- **Brief**
Print the lines below from the line with "O sucessor do" to the line with "KEEN women’s Brown Ankle Boots" exactly, keeping both ends, and print no pictures.

- **Supplied data**
- Opening Delimiter -

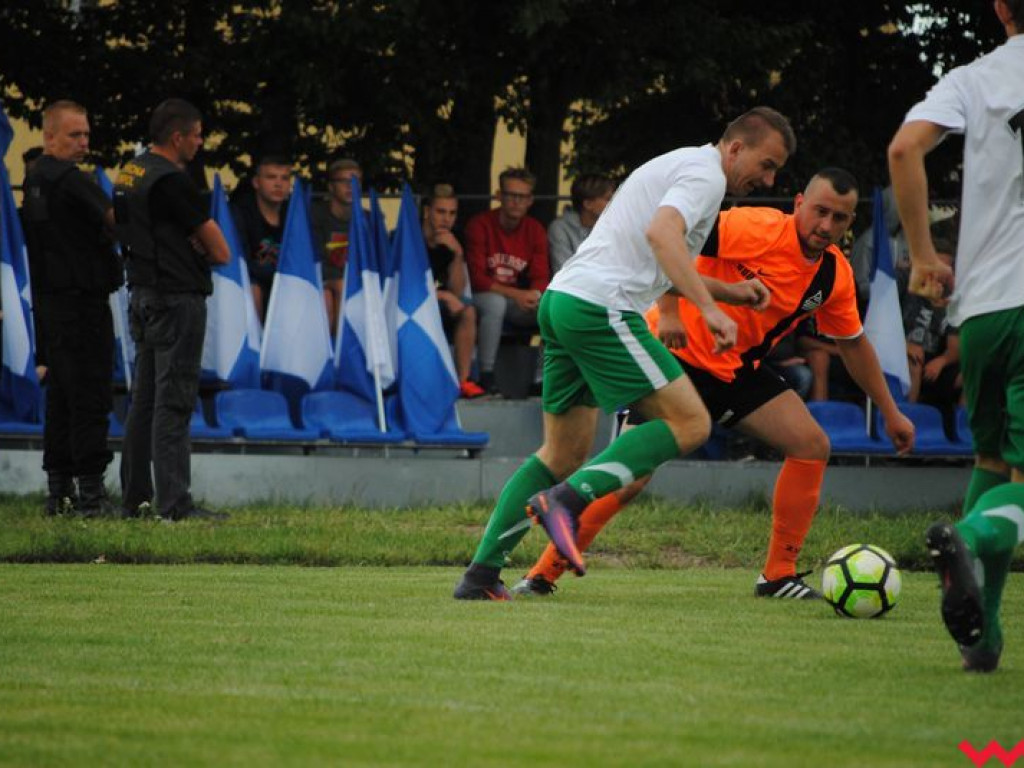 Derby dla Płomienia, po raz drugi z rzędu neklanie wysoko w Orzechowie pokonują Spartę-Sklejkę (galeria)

- Closing Delimiter -
- Opening Delimiter -

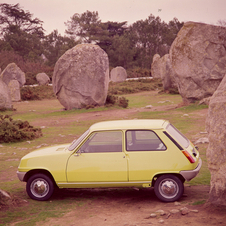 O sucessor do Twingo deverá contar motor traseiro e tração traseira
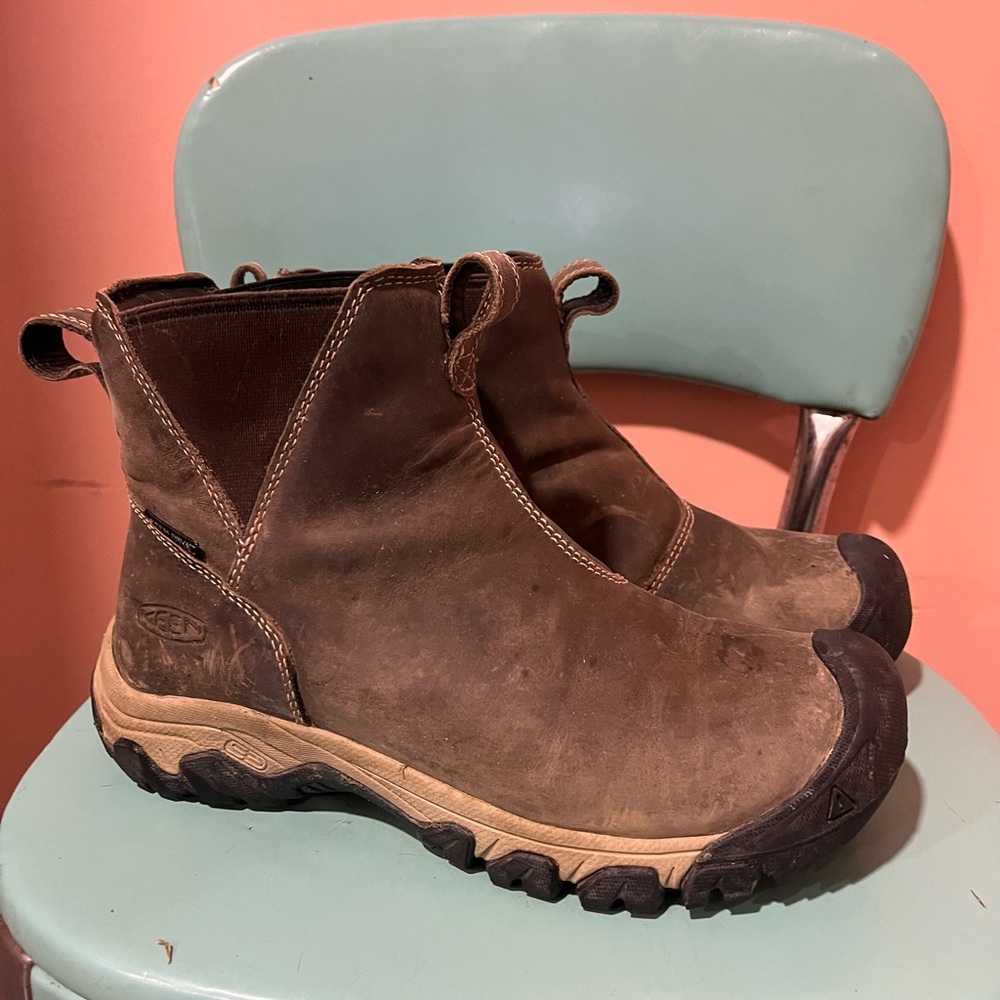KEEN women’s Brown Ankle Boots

- Closing Delimiter -

- **Written response**
 O sucessor do Twingo deverá contar motor traseiro e tração traseira
KEEN women’s Brown Ankle Boots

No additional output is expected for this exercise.